AUTHOR=Heymans Cathelijne , de Lange Ilse H. , Hütten Matthias C. , Lenaerts Kaatje , de Ruijter Nadine J. E. , Kessels Lilian C. G. A. , Rademakers Glenn , Melotte Veerle , Boesmans Werend , Saito Masatoshi , Usuda Haruo , Stock Sarah J. , Spiller Owen B. , Beeton Michael L. , Payne Matthew S. , Kramer Boris W. , Newnham John P. , Jobe Alan H. , Kemp Matthew W. , van Gemert Wim G. , Wolfs Tim G. A. M.
TITLE=Chronic Intra-Uterine Ureaplasma parvum Infection Induces Injury of the Enteric Nervous System in Ovine Fetuses
JOURNAL=Frontiers in Immunology
VOLUME=11
YEAR=2020
URL=https://www.frontiersin.org/journals/immunology/articles/10.3389/fimmu.2020.00189
DOI=10.3389/fimmu.2020.00189
ISSN=1664-3224
ABSTRACT=
Background: Chorioamnionitis, inflammation of the fetal membranes during pregnancy, is often caused by intra-amniotic (IA) infection with single or multiple microbes. Chorioamnionitis can be either acute or chronic and is associated with adverse postnatal outcomes of the intestine, including necrotizing enterocolitis (NEC). Neonates with NEC have structural and functional damage to the intestinal mucosa and the enteric nervous system (ENS), with loss of enteric neurons and glial cells. Yet, the impact of acute, chronic, or repetitive antenatal inflammatory stimuli on the development of the intestinal mucosa and ENS has not been studied. The aim of this study was therefore to investigate the effect of acute, chronic, and repetitive microbial exposure on the intestinal mucosa, submucosa and ENS in premature lambs.
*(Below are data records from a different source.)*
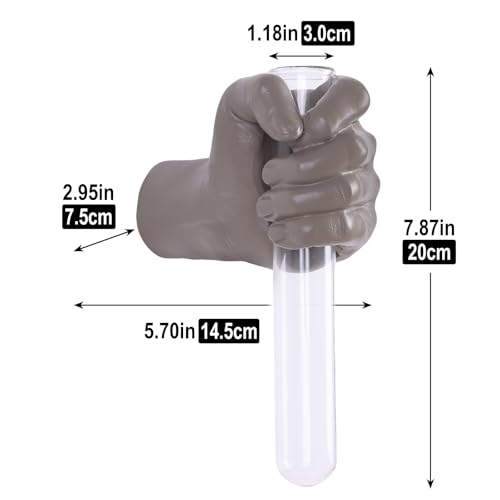 Wall Sculptures, Hand Vases Home Decor, Wall Mount Art Sculpture, Unique Wall Art Statue, Funky Flower Vase Decorations, Modern Eclectic Hanging Decor,Glass Test Tube Vase (Beige) - color: Beige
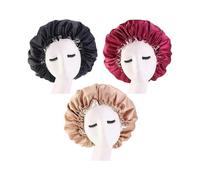 3Pcs Elastic Women Satin Night Sleep Cap Hair Bonnet Hat Shower Caps (A) Acsergery Gift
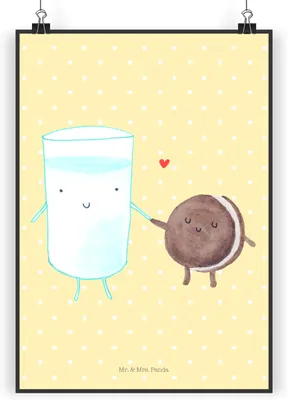 Produktbild von Mr. & Mrs. Panda Bild Milch Keks DIN A4 - Gelb Pastell - Geschenk, Wandbild, wanddeko, Milk, Kekse, Plakat, drucke, Kaffee, Lustige Sprüche, Kunstdruck, Cookie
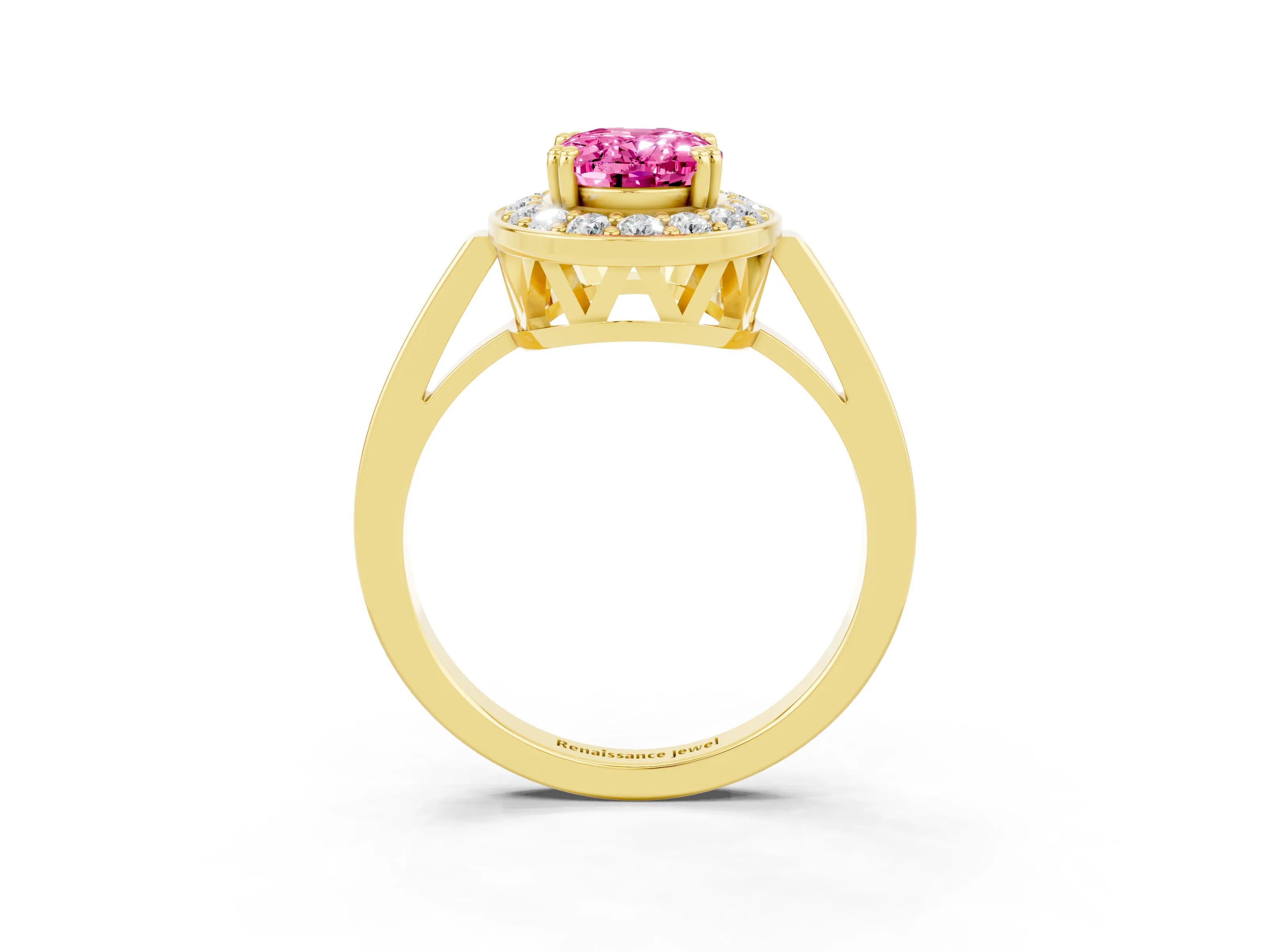 Yellow gold {shape_name} Pink Sapphire Halo Ring with Split Shank and Four-Prong Setting_3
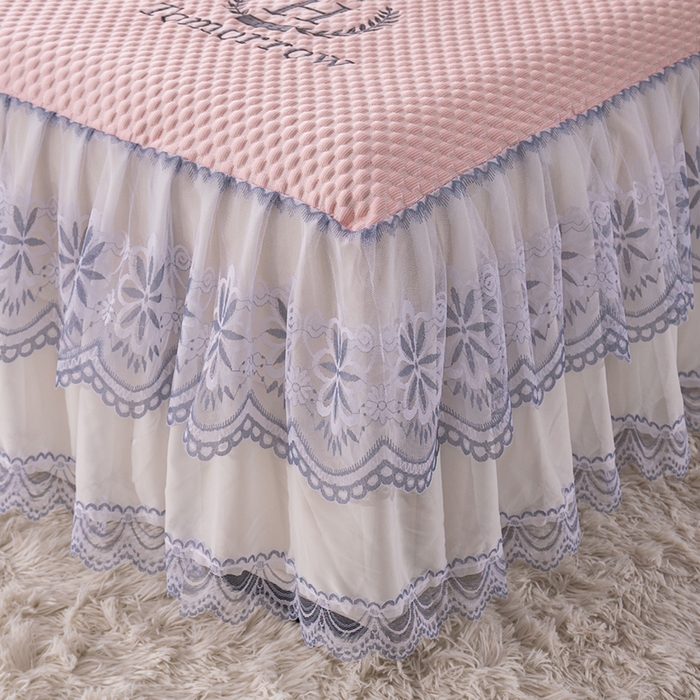 91家纺网 家纺一手货源 找家纺 优姿家纺 2025新款500克冰豆豆床裙凉席三件套 公主粉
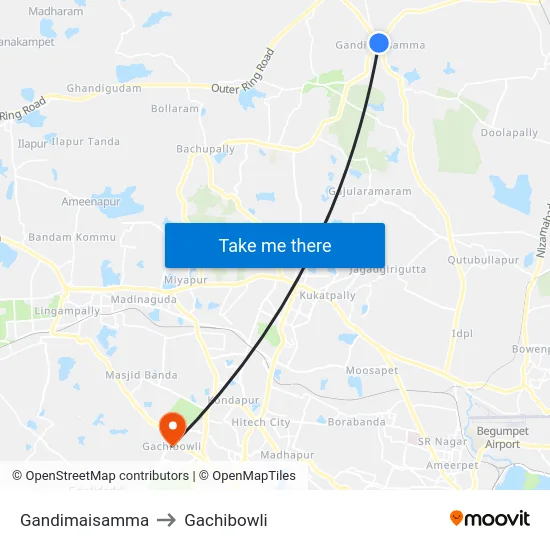 Gandimaisamma to Gachibowli map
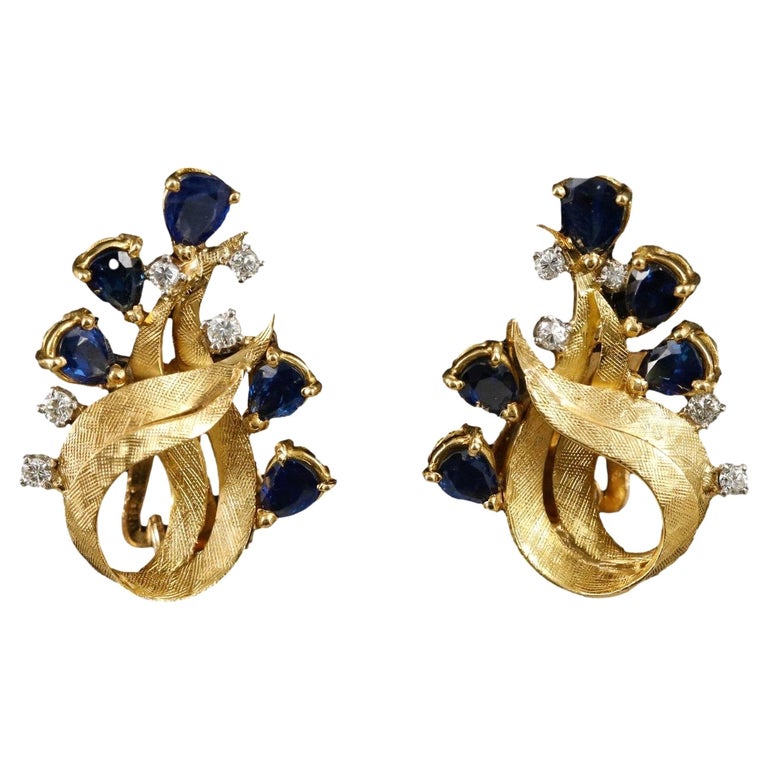 Stunning Vintage 14K Gold Sapphire and Diamond Clip On Earrings (GH / VS1VS2) For Sale at 1stDibs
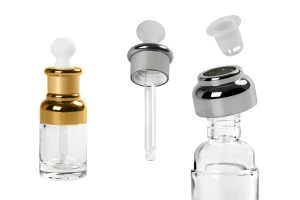 Kosmetikflasche 30ml aus Glas mit Pipette, Abfluss und Deckel-2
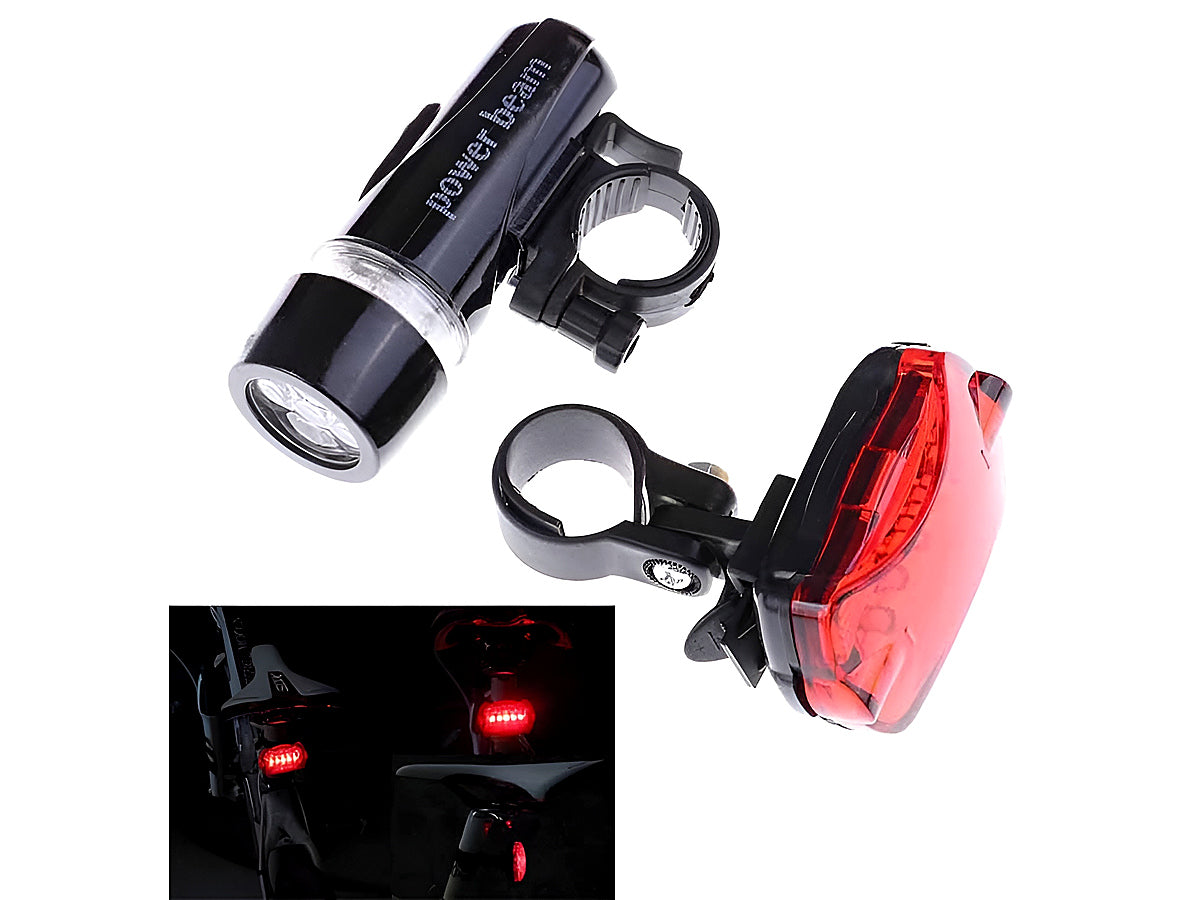 Bike lights mounted on mountain bike frame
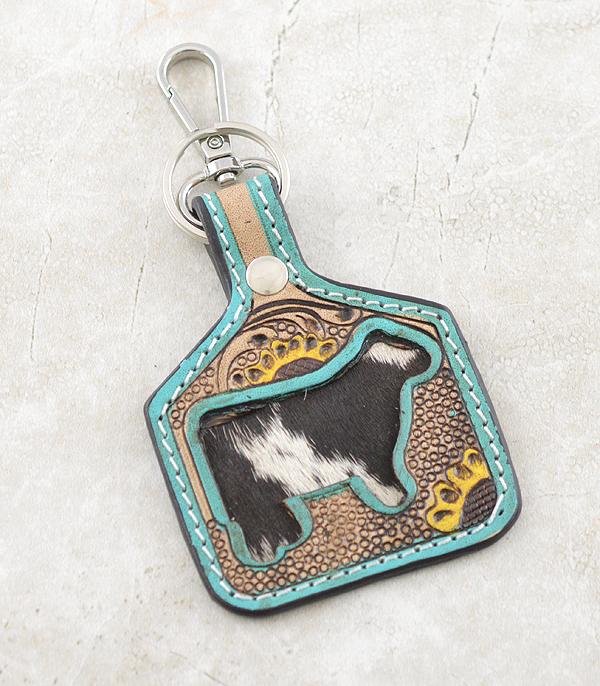 New Arrival :: Wholesale Western Leather Cattle Tag Keychain
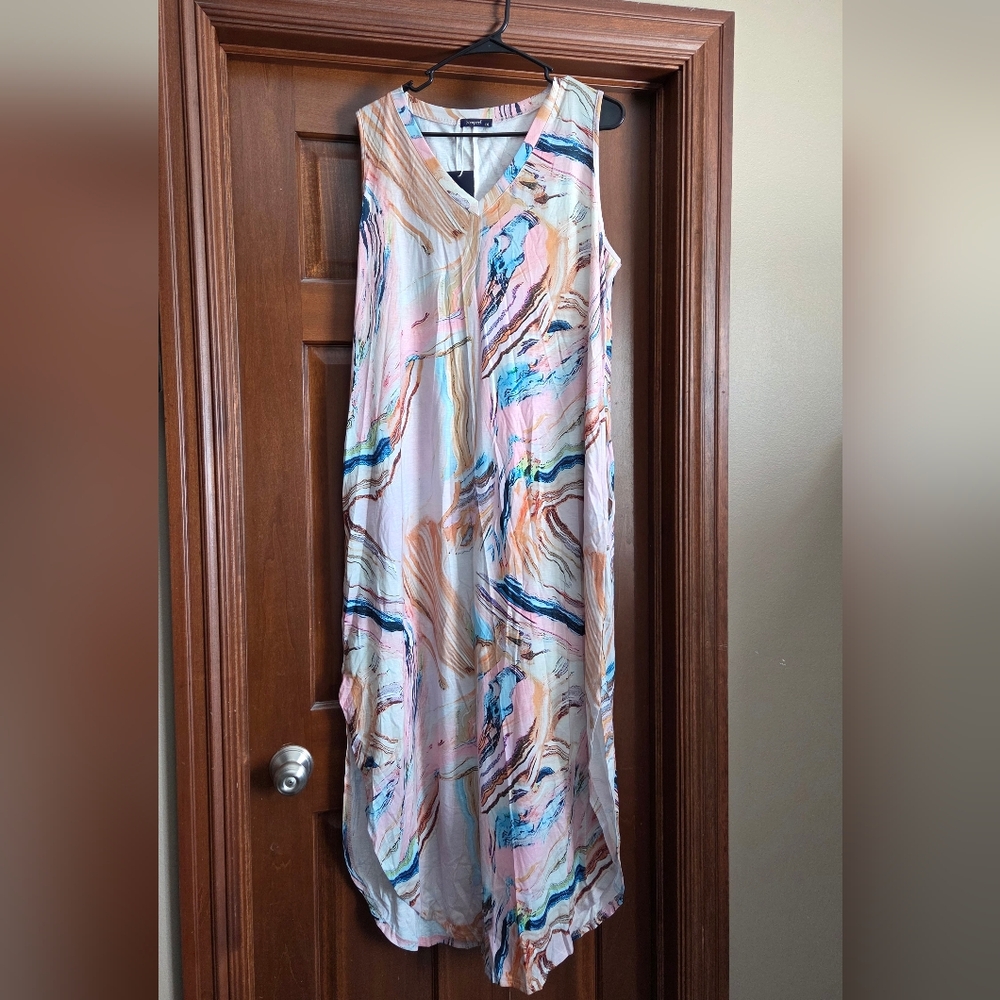 Womens Maxi Dress, Multicolor, Sleeveless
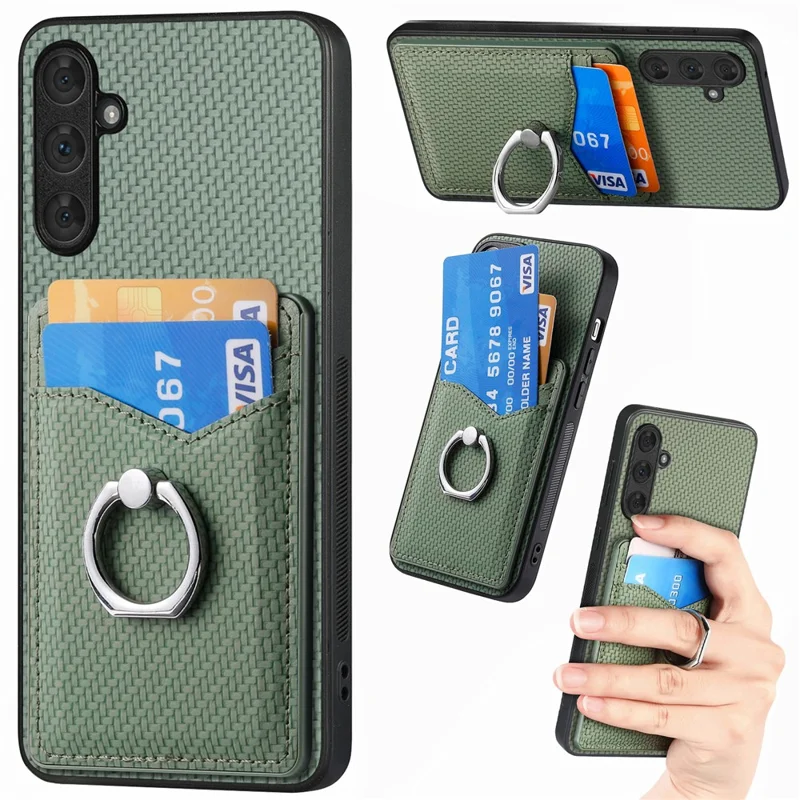 For Samsung Galaxy A34 5G Case with Card Holder Ring Kickstand PU Leather Coated PC+TPU Back Cover - Green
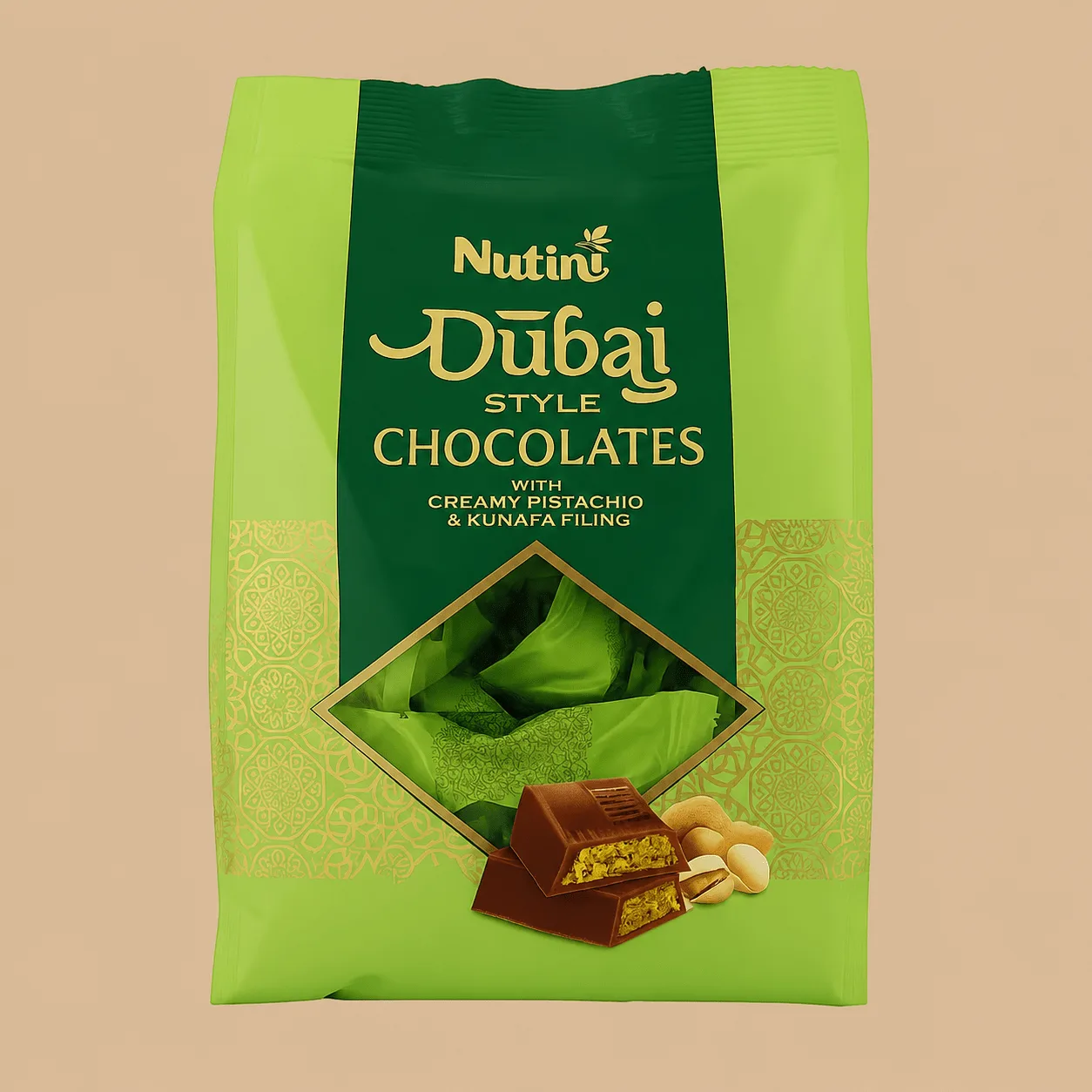 Dubai Pistachio & Kunafa Mini Bars: the shop's own photo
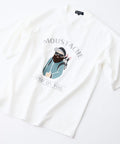 接触冷感 COOLスムース 部分刺繍 プリント リラックスシルエットTシャツ【Blue Standard/ブルースタンダード】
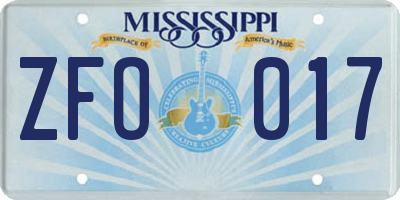 MS license plate ZFO017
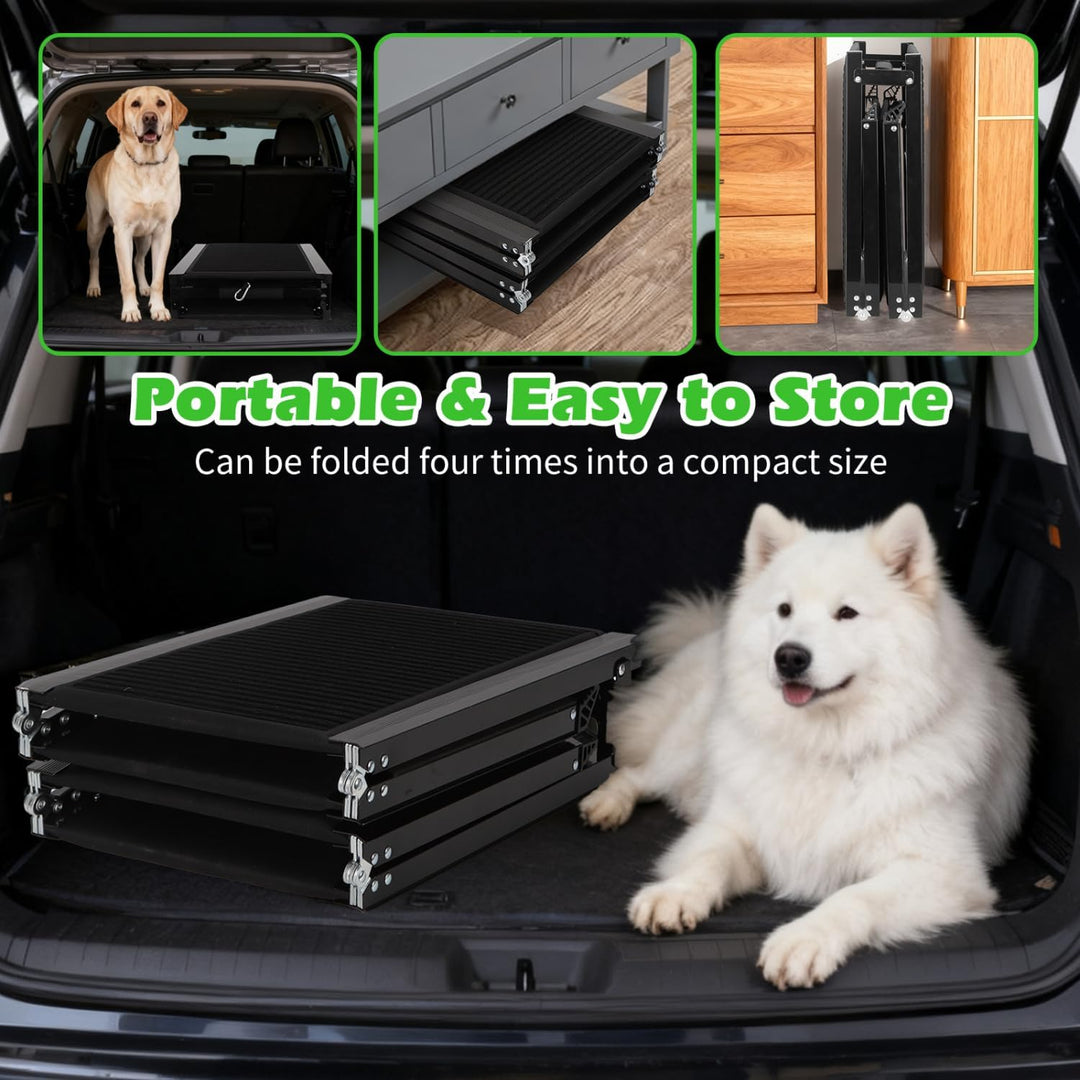 Nobleza - Hunderampe Auto klappbar 170cm, Klappbare Hunderampe mit Anti-Rutsch-Oberfläche, Hunderamp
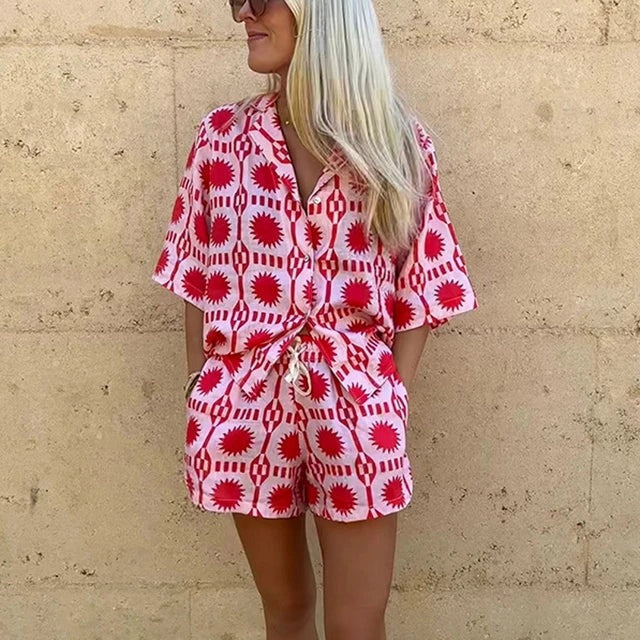 Levoire | Ensemble D'Été Modèle Large Shorts Et Chemise Ensemble Composé Pour Femmes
Materials and Methods: A sheep model of pregnancy was used in which the ileal mucosa, submucosa, and ENS were assessed following IA exposure to lipopolysaccharide (LPS) for 2 or 7 days (acute), Ureaplasma parvum (UP) for 42 days (chronic), or repetitive microbial exposure (42 days UP with 2 or 7 days LPS).
Results: IA LPS exposure for 7 days or IA UP exposure for 42 days caused intestinal injury and inflammation in the mucosal and submucosal layers of the gut. Repetitive microbial exposure did not further aggravate injury of the terminal ileum. Chronic IA UP exposure caused significant structural ENS alterations characterized by loss of PGP9.5 and S100β immunoreactivity, whereas these changes were not found after re-exposure of chronic UP-exposed fetuses to LPS for 2 or 7 days.
Conclusion: The in utero loss of PGP9.5 and S100β immunoreactivity following chronic UP exposure corresponds with intestinal changes in neonates with NEC and may therefore form a novel mechanistic explanation for the association of chorioamnionitis and NEC.